SO HOW was it than the 80-1 outsider won the 2008 Olympic middleweight gold medal?

How was it possible the faith of Leroy DeGale got rewarded with a £10,000 winning bet on son, James? And how was it brother Alex cleared his Visa card debt in one go?

Such is the beauty of sport that once in a while the form book gets ripped up.

The former Dale Youth and Hammersmith-born fighter from Harlesden has since conquered Europe and waits in line for a tilt at a professional world crown. But Olympic success three years ago was as distant as China.

That was because the boxing world expected the almost unbeatable Matvey Korobov to waltz his way to the podium.

The Russian was 2007 and 2005 world champion, and worse still from everyone else’s point of view, made both wins look pretty easy.

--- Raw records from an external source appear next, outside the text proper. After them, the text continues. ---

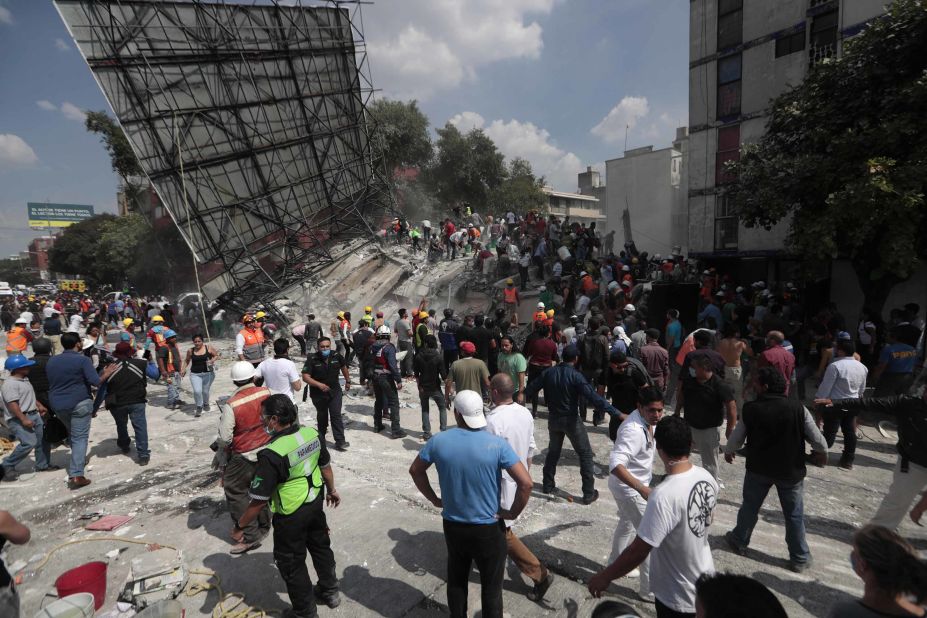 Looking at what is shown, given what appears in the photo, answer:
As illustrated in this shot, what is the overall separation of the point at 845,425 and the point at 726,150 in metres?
13.1

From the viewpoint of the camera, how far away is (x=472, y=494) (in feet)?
8.89

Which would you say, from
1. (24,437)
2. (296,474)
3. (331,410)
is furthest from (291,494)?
(24,437)

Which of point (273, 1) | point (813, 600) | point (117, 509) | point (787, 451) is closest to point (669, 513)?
point (787, 451)

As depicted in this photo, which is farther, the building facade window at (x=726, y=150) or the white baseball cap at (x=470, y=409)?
the building facade window at (x=726, y=150)

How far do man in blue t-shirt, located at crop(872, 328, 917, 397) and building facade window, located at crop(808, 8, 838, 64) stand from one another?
11.4 m

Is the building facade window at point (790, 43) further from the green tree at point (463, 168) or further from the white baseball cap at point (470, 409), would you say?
the green tree at point (463, 168)

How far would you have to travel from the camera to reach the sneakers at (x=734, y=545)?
12.8 ft

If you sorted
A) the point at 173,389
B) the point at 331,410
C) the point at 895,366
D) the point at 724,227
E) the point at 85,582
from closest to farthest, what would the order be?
the point at 85,582
the point at 895,366
the point at 331,410
the point at 173,389
the point at 724,227

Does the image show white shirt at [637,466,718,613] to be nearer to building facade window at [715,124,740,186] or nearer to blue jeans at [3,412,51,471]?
blue jeans at [3,412,51,471]

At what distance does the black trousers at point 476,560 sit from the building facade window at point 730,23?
18.8 metres

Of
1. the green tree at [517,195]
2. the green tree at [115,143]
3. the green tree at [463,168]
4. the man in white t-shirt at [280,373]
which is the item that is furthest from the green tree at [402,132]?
the man in white t-shirt at [280,373]

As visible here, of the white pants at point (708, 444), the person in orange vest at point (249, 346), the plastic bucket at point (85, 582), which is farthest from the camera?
the person in orange vest at point (249, 346)

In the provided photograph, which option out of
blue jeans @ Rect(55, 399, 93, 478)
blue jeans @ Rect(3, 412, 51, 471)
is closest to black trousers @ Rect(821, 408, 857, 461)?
blue jeans @ Rect(55, 399, 93, 478)

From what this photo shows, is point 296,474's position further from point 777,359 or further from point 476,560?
point 777,359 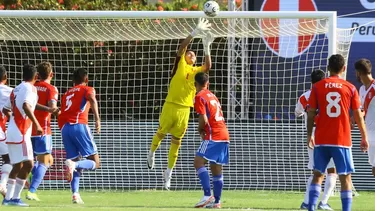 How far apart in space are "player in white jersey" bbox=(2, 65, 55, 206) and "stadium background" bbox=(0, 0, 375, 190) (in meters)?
5.33

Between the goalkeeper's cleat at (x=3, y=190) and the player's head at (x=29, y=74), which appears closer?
the player's head at (x=29, y=74)

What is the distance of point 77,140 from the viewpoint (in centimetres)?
1518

DeGale was a mere bronze medallist in the Commonwealth Games, and even Darren Sutherland from Ireland got the better of him in their five meetings up to Beijing.

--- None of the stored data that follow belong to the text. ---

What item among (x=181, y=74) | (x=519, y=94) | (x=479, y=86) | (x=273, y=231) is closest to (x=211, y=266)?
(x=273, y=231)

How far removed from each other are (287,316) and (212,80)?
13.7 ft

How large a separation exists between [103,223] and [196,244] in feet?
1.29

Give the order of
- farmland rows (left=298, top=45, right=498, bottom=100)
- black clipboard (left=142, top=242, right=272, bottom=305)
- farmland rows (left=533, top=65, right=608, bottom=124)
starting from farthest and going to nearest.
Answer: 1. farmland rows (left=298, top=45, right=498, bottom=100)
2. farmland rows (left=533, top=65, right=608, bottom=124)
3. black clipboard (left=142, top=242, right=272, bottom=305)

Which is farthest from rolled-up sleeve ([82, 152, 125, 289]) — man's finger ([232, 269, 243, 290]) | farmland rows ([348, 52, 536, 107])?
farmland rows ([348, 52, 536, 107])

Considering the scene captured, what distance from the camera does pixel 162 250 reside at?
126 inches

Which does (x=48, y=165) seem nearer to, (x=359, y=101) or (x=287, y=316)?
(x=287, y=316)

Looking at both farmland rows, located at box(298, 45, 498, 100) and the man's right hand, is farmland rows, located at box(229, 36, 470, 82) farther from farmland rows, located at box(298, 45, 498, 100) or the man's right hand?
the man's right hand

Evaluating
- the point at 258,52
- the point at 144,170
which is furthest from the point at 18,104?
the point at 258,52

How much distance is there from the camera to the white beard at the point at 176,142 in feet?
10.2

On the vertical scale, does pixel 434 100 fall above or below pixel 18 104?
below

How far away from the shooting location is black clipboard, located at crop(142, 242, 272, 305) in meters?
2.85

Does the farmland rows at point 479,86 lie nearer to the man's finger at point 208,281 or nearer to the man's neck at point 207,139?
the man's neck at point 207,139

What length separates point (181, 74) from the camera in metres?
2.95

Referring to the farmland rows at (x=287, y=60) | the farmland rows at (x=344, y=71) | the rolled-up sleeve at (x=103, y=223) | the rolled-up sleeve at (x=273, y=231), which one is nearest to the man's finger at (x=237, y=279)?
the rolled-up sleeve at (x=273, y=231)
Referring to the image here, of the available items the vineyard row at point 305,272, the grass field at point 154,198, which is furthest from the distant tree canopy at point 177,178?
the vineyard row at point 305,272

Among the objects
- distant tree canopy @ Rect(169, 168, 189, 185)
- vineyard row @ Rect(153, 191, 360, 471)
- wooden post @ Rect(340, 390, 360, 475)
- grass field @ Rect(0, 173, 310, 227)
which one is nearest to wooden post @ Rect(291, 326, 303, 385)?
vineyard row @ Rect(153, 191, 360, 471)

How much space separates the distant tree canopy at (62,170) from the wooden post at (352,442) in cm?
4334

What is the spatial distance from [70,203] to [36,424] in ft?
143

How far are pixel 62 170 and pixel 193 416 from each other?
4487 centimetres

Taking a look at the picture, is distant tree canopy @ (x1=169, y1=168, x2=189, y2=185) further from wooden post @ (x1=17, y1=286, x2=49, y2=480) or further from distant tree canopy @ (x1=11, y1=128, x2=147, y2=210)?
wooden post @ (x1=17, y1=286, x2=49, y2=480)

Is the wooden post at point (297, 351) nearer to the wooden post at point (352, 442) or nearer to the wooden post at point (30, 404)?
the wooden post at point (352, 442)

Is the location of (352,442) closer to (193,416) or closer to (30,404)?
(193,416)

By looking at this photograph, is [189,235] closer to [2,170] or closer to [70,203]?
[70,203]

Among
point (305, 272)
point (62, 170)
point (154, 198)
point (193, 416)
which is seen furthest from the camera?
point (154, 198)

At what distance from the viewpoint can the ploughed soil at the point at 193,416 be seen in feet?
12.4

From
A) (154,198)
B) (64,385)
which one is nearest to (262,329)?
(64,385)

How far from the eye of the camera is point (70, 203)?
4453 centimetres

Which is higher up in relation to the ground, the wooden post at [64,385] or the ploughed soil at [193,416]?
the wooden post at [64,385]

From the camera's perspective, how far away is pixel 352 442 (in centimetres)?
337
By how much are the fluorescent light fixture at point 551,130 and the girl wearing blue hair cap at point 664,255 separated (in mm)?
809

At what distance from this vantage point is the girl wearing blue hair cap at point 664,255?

It wasn’t that ‘Chunky’ lacked pedigree. After all, he was awarded the GB vest over bitter rival George Groves, a team-mate at Dale, even though the Hammersmith man had beaten DeGale and was the ABA champion.

But if ever circumstance played into a gold-medal winning pair of hands – it was this Olympiad.

The bookies noted DeGale on the same side of the draw as Korobov, and offered handsome odds few fancied.

But today, DeGale swears his most nervous fight of the five was the first against Egyptian Mohamed Hikal.

“I knew he could box, and he had a good record to prove it,” said Chunky. “And I was first GB boxer up. And when you’re the first away you want to make a good start for the team.”

This he did with a confidence-boosting 10-4 win, knowing that elsewhere Korobov was about to fight a man with whom DeGale had forged a 1-1 record.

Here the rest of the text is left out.